Sal (Hawke) is a struggling family man who has 4 kids and his wife is expecting twins, he knows that the house they live in is not big enough to support a family of 6, so he is looking into purchasing a brand new property. Throughout the film he is constantly on the phone with what is assumed to be a real estate agent saying that he will soon have the money. Sal believes he can confiscate money at a bust. His friend Ronny Rosario (Brian F. O’Byrne) warns him against doing so. Tango (Cheadle) is an undercover cop who has gotten himself involved personally with those he is supposed to be taking down. One of those people is like a brother to him, Tango wrestles with his emotions about bringing down local drug dealer Casanova Philips (Wesley Snipes). Eddie (Gere) has Seven days left on the job, and he just wants them to go buy as fast as they can. Eddie has depression issues and as his last seven days unfold we see that Eddie is willing to let things go unseen because he just does not want to have the hassle of being involved.

Antoine Fuqua creates 4 lead characters. Four people we can all relate too. Sal just has it rough, he needs the cash. He is not a bad man he just takes for granted what he already has. At times Sal just needs to take a step back and realize his family may not be in the perfect situation but putting himself at risk may not solve any of their issues. Tango is probably the one that we can identify with the most, he has loyalties in the police force, laws he swore to uphold, but Cass saved his life, and we all know that when someone saves your life you owe them one. Tango is trying to find a way of getting Detective first Grade without having to throw Cass off the bridge so to speak. Cass has a tough life to live, we all know that morally drug dealing is a terrible profession, but one can understand that growing up on the streets of Brooklyn would not have been easy at times. Eddie is an older cop who has been around the block perhaps many more times then he would have liked, and the images and the cases he has worked are going to stay with him for the rest of his life. Eddie just knows the ins and outs of the job to well to know that they will not be able to save everyone, and being a hero can at times get you killed. You could easily feel the life in these characters as they marched across the screen. Antoine Fuqua wonderfully paints their emotional lives all over a canvas.

This film was exactly the type of film that really shows the ins and outs of humanity, these were Brooklyn cops struggling to keep up with everyday life and what did he see in this film? The lies the corruption that they are involved day in and day out. This film is dark, it is real. The lives, the situations were ones you could easily read in your local news paper or see on the evening news. It seemed more like a reality TV series more than a film and that is because Fuqua masterfully told three separate stories with Sal, Tango and Eddie barely intersecting in each other’s life.
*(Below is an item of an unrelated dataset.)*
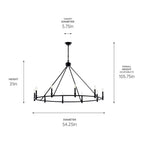 Kichler Lighting 52707BK Black Carrick 54.25 Inch 10 Light Chandelier In Black Image 2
There wasn’t any really scenery that stood out except an aerial view of the Brooklyn Bridge. There were a few flashy bar scenes but you could tell through Cheadle’s brilliant display of facial expressions that for Tango it was all a hoax. Cheadle was the best of the four main stars, and his chemistry with Wesley Snipes was perfectly in synch that you felt these two were like brothers. These two could easily own a much better script as this script was the first screenplay written by Michael C. Martin. This film will not be a stand out come award season next year, or it will not hit a greatest films of all time list, but it is something down the road one could easily have in their collection of gritty cop dramas. Cheadle really executes the edgy feeling of a man in too deep. Snipes stands a long side him wonderfully portraying a man whose life looks glamorous on the surface but he himself is constantly hiding money and living on the edge for fear someone could turn on him.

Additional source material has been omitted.